## [WORK TO COMPLETE]
Repeat the records below word for word and omit each image.

## [EXCERPTED DATA]
..............................
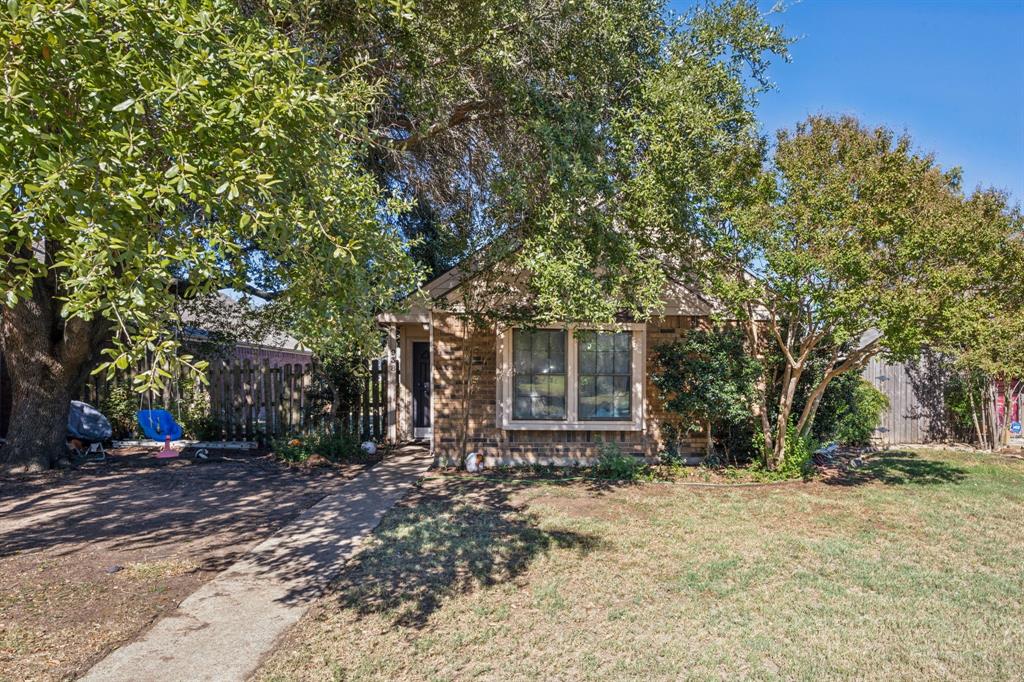 a view of a house with a tree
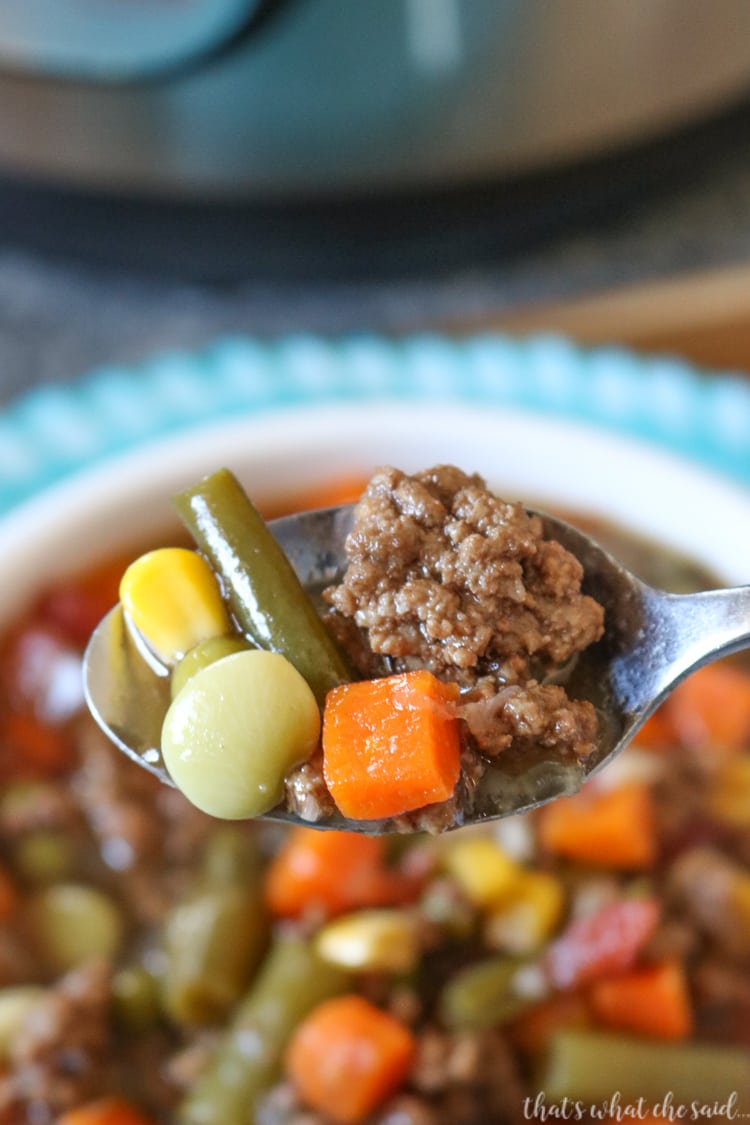 Hearty Veggie Beef Soup made in the Instant Pot - Close up of a spoonful.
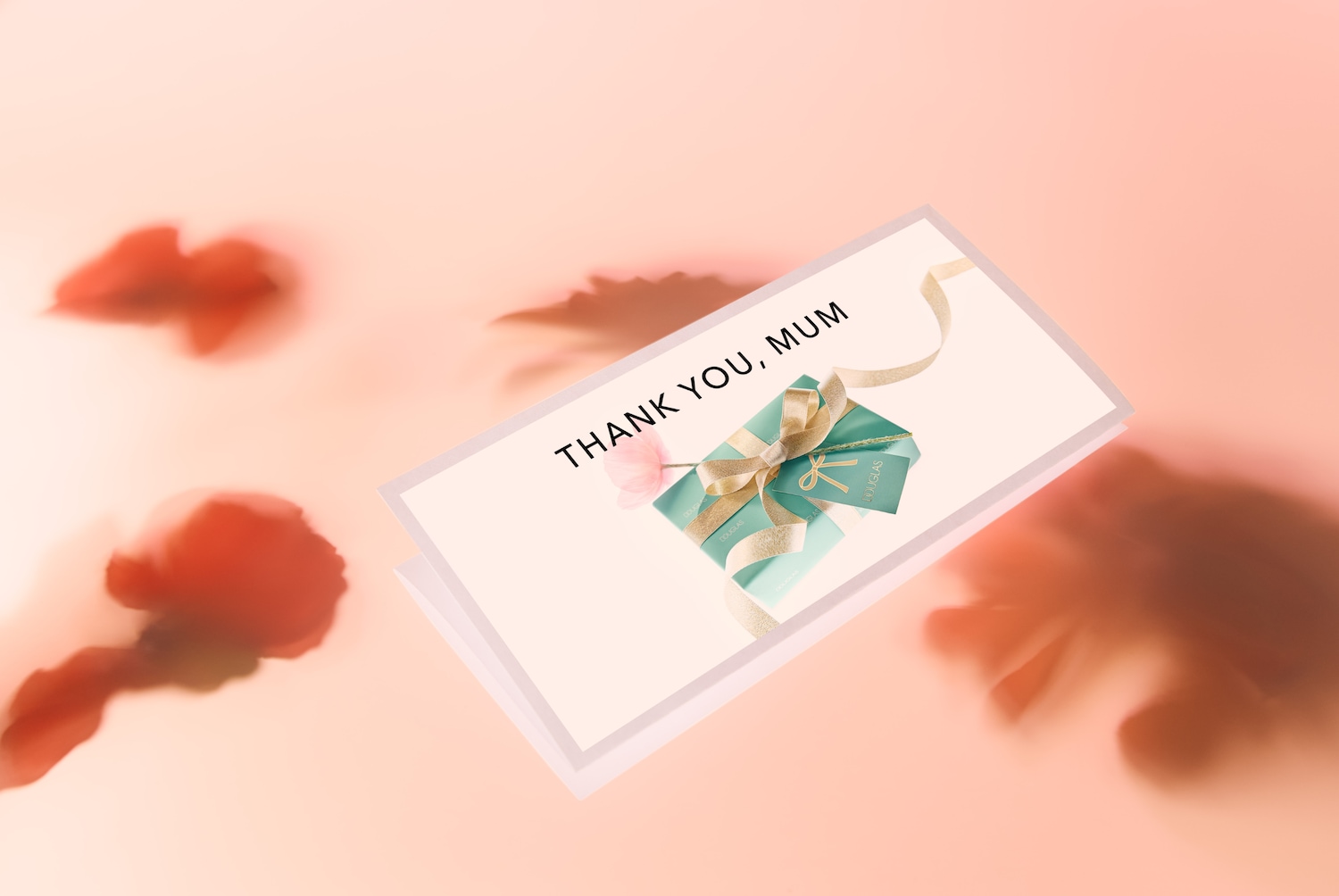 Pohlednice s nápisem „Děkuji, mami“ s dárkem Douglas zabaleným ve světle modrém papíru a zlatou stuhou, doplněná malou růžovou květinou.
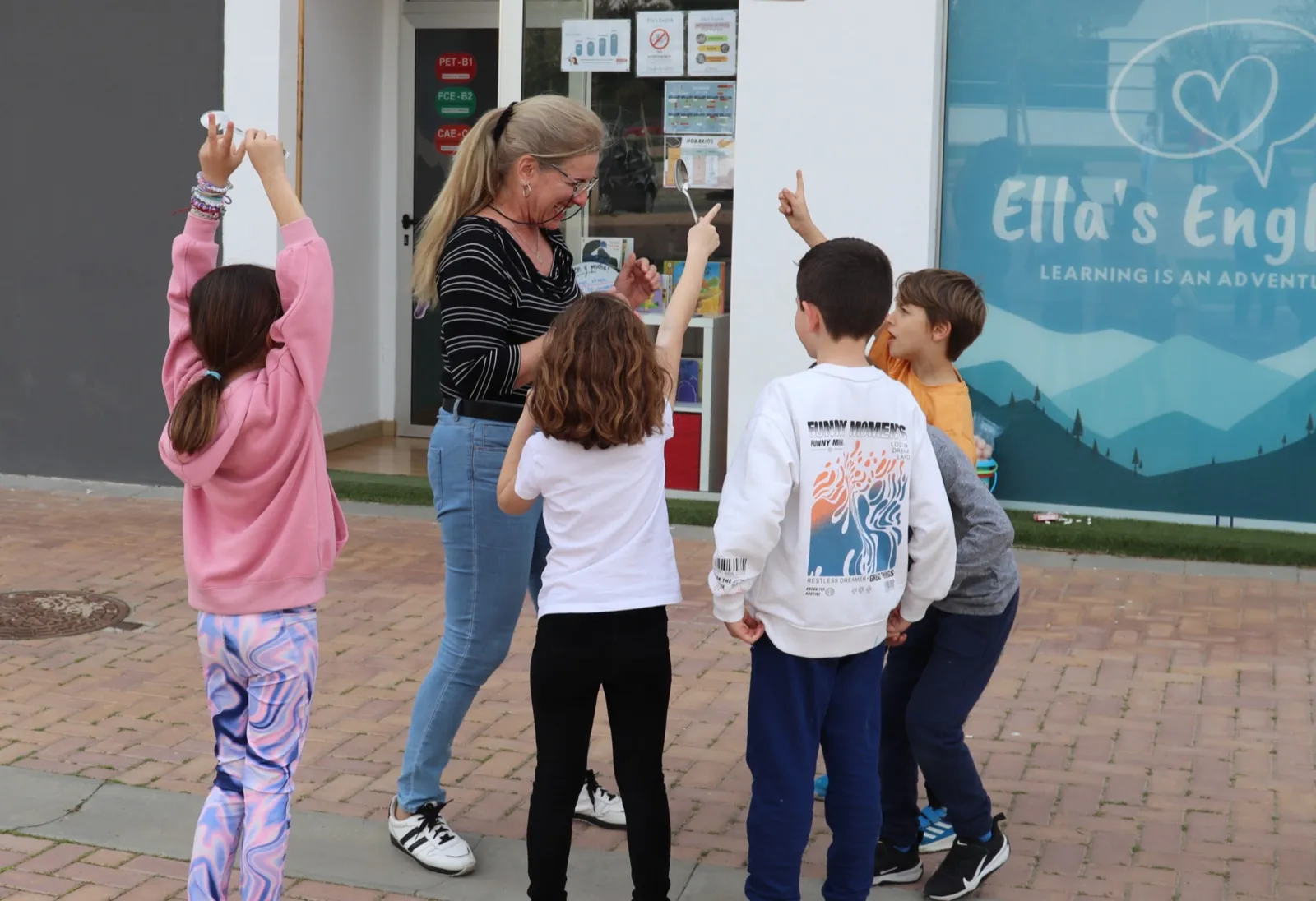 Una profesora y alumnos delante de la entrada de la academia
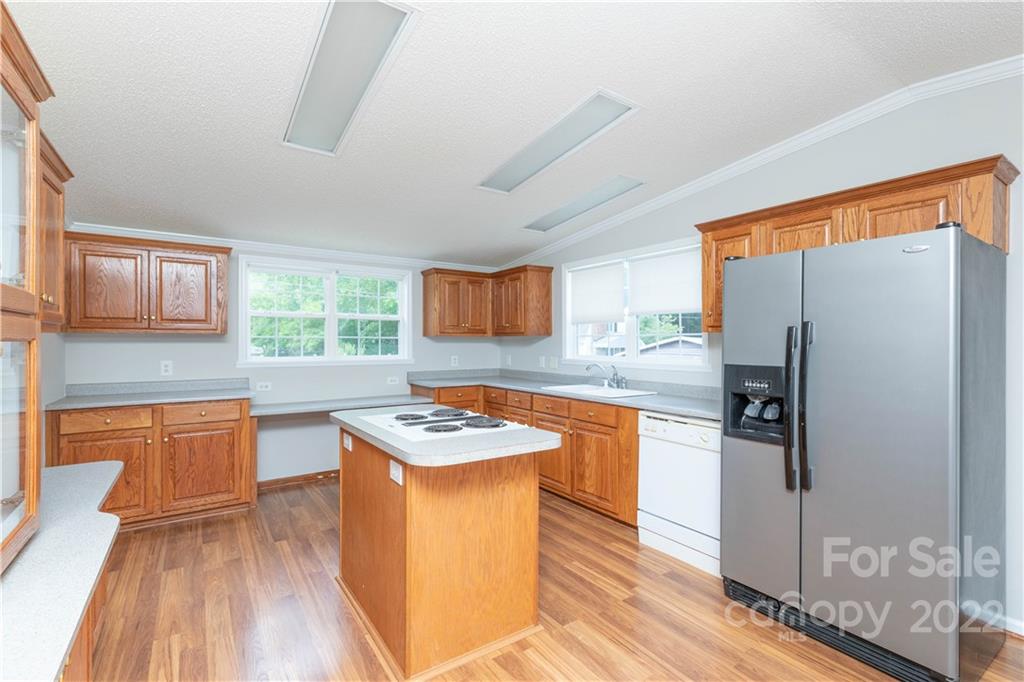 712 Hall Spencer Road Catawba, SC 29704 - Photo 11 of 32 a kitchen with stainless steel appliances granite countertop a refrigerator a sink dishwasher a stove with wooden cabinets and wooden floor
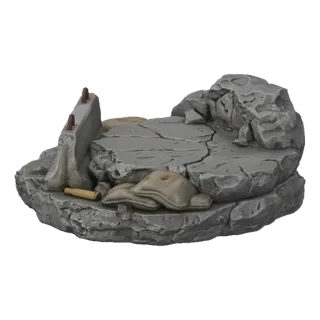 3D model of a diorama base featuring a damaged concrete barrier, sandbags, and a spent shell casing on a rocky, debris-filled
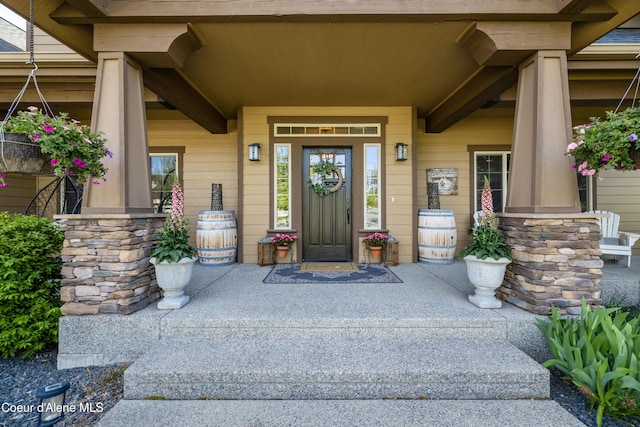 doorway to property featuring a porch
..............................
## [ANSWER SPACE]
 a view of a house with a tree
 Hearty Veggie Beef Soup made in the Instant Pot - Close up of a spoonful.
 Pohlednice s nápisem „Děkuji, mami“ s dárkem Douglas zabaleným ve světle modrém papíru a zlatou stuhou, doplněná malou růžovou květinou.
 Una profesora y alumnos delante de la entrada de la academia
 712 Hall Spencer Road Catawba, SC 29704 - Photo 11 of 32 a kitchen with stainless steel appliances granite countertop a refrigerator a sink dishwasher a stove with wooden cabinets and wooden floor
 3D model of a diorama base featuring a damaged concrete barrier, sandbags, and a spent shell casing on a rocky, debris-filled
 doorway to property featuring a porch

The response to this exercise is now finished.